During my career in the private sector, I've run vulnerability assessments, and spent over 26 yrs in digital forensics and incident response, some in FTE roles, and much more in consultant roles.
In 2006, I started in a DFIR consulting role at ISS, which evolved 6 months later when the company purchase by IBM was completed. I then became a "plank owner" of the IBM ISS X-Force ERS team, one of the original members of the team, even before we expanded. When I started, I was provided with a complete outfitting of equipment, including (but not limited to) write-blockers, cabling, laptops, and dongles for EnCase 4.22, EnCase 6.19, and FTK. As our team grew in size, everyone received similar (albeit updated, in some cases) equipment. When I started at ISS, I was one of 4 responders, and we each did our own thing when it came to analysis. There was little in the way of cross-pollination, sharing of experiences, etc. As the new team began to grow, it was a bit before some of us saw the need for consistency across the team.

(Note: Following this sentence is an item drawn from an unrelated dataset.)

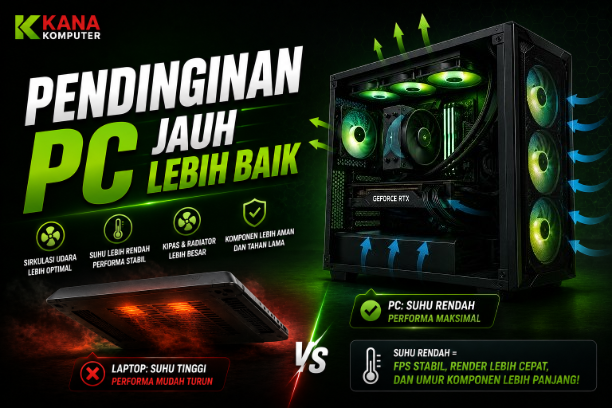 Pendinginan PC Jauh Lebih Baik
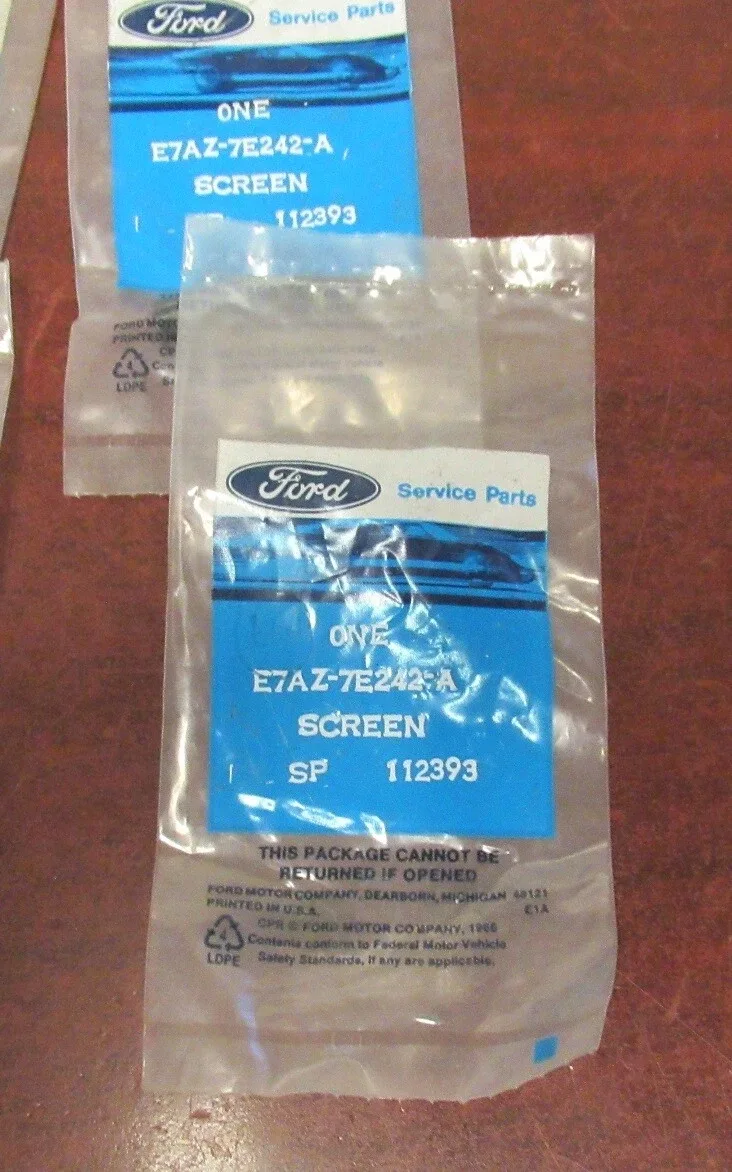 1979-2004 Ford Mustang V8 Automatic Valve Body Screen - E7AZ-7E242-A image 2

In 2007, members of our team became certified to conduct PCI forensic investigations, which were subject to very stringent (and somewhat arbitrary) timelines. As part of this, Chris and I developed a process that we shared with all of the team members, using EnCase to conduct all of the searches required by Visa (driving the whole PCI effort at the time), not just the mandatory the credit card number searches. The idea was, in part, to remove the need for individual analysts to have to try to figure out what to do, by giving them a common, documented step-by-step process for completing all of the required activities in a consistent manner. This way, if issues arose, they were easier to troubleshoot. More importantly, having a consistent process meant that there was less room for guesswork, and we had confidence that as long as the process was followed, we'd be able to meet our obligations regarding timeliness. This also left more time for analysts to uncover things like initial access, and other pertinent information, because the guesswork of "what to do next" in order to meet Visa's requirements was no longer something analysts needed to concern themselves with.
In 2013, I started at <company>, on a team that was already well-established. This team was responsible for developing and actively employing the EDR technology used by the company, and this was used to drastically reduce the scoping of "targeted threat actor" incidents, at which point, triage or full forensics of specific systems could take place. For example, one incident involved 15,000 endpoints in a global infrastructure, and we found that the threat actor had "touched" 8 of the systems, and "been on" only 2. Few members of the team, at the time, had actual hands-on experience with truly in-depth DF work, and there was very little in the way of sharing of tools, techniques, and processes between analysts. There was no documentation, little cross-pollination, and some issues with consistency in the use of the analysis framework. Every now and then, someone might share a tidbit here and there, but different analysts had different ways of using the framework. For example, one analyst might tag something they hadn't seen before as "unknown", where another would tag it as definitely "malicious", with the thought of going back and researching those items a bit more...and often, they didn't. They remained marked the way they were, so when those same indicators showed up on another engagement for another analyst, it was pretty much guaranteed that you'd see a mix of "unknown", "malicious", and "benign" from previous engagements.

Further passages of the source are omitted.